The dining area at the St. Tudy Inn

St. Tudy Inn

Emily Scott is an ambitious and optimistic chef who took over the St. Tudy Inn, determined to offer locals and visitors great food in a delightful setting. This charming Cornish pub is situated in St. Tudy, a quaint village in North Cornwall. After extensive redecoration the pub feels cosy and welcoming, with Nicole Heidaripour prints on the walls and vintage furniture.

All Emily’s cheffing experience has been put to good use in the kitchen, where seasonality and local produce reign. The menu is full of comforting classics with a twist, such as the fish and chips, upgraded to the irresistibly tasty Monkfish tails in rosemary focaccia crumb with fries and citrus mayo. The St. Tudy Inn also runs regular events, including Pig and Cider nights with a hog roast and regional ales, so there's many an enticing reason to visit.

St. Tudy Inn, St. Tudy, Bodmin, Cornwall, PL30 3NN

01208 850 656

sttudyinn.com

A spin on the classic fish and chips - monkfish tails in rosemary crumb

Beautifully Cornish floral arrangement at the St. Tudy Inn

Surfside

Surfside is an exciting venture from London-based mixologist Tristan Stephenson, author of The Curious Bartender and part of the drinks company Fluid Movement who founded Purl and The Whistling Shop bars in London. Surfside has become a local hit, serving fresh food and cocktails at the water’s edge in Polzeath. Located on a corner of the beach, the restaurant is only accessible via the sand which adds to the experience.

Lobster crackers at Surfside Restaurant

Although the venue appears casual from the exterior, inside the offerings are for serious foodies with surf and turf platters and inventive cocktails.
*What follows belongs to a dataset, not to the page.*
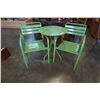 Image 2 : GREEN METAL 3 PIECE PATIO SET
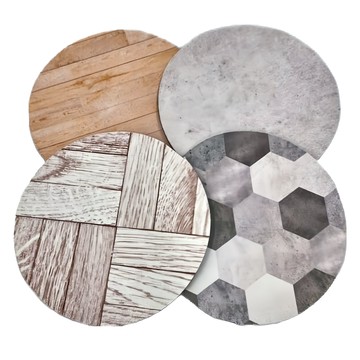 SGS獨家設計加大加厚硅藻土吸水軟杯墊 Set 4  六角 + 灰泥 + 叉木 + 黃木 多色  直徑14cm  1組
Thanks to the isolated location Surfside feels intimate and exclusive, with panoramic sea views adding something special to the meal.

Surfside Restaurant, On the Beach, Polzeath, Cornwall, PL27 6TB

01208 862 931

surfsidepolzeath.com

The choice is yours: drinks at Surfside Restaurant

Trevibban Mill & Appleton's at the Vineyard

Situated on the slopes of the Issey brook near Padstow, Trevibban Mill is one of the newer Cornish wineries but is already producing award-winning wines. Liz and Engin began planting in 2008 with an ambition to produce top quality Cornish wines and ciders. Native sheep graze on the land and their wool is for sale in the vineyard shop. Tours and tastings can be arranged to sample a range of the different wine and cider varieties.
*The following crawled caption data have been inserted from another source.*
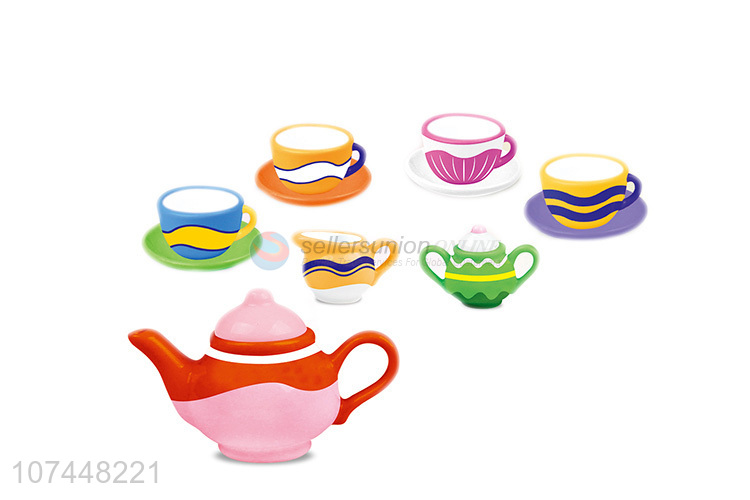 Reasonable price educational diy painting ceramic tea set toy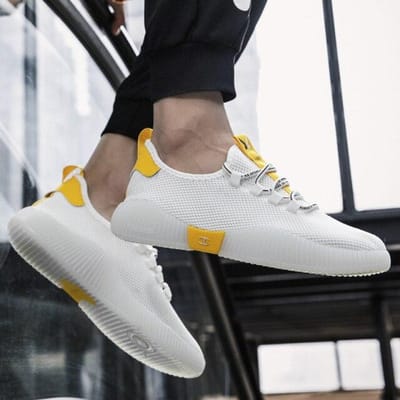 Herenschoenen Nieuwe Mode Casual Schoenen Licht en Ademend Zomer Mesh Witte Schoenen Outdoor All-Match Sport Hardloopschoenen 43 geel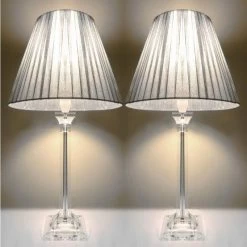 2x Acrylic & Ribbon Bedside Table Lamps In Silver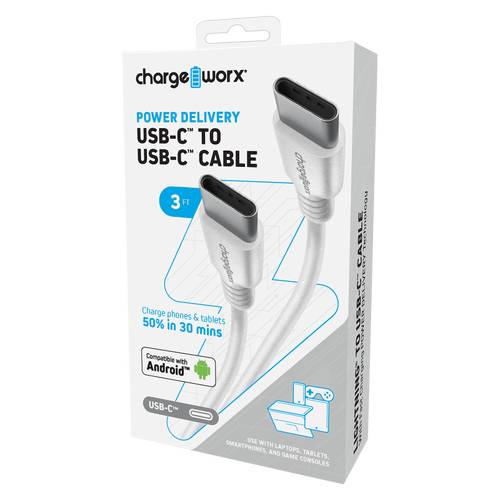 Chargeworx Power Delivery Usb-C To Usb-C Cable (3ft)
Trevibban Mill and Appleton's at the Vineyard

Also on site is Appleton’s at the Vineyard, where ex-Fifteen head chef Andy Appleton is managing the kitchen, feeding hungry visitors with fine Italian dishes showcasing the local produce. Choose from a beautiful piece of sustainable fish, or a bowl of comforting pasta. The dishes provide the ideal accompaniment to a glass of Trevibban Mill wine.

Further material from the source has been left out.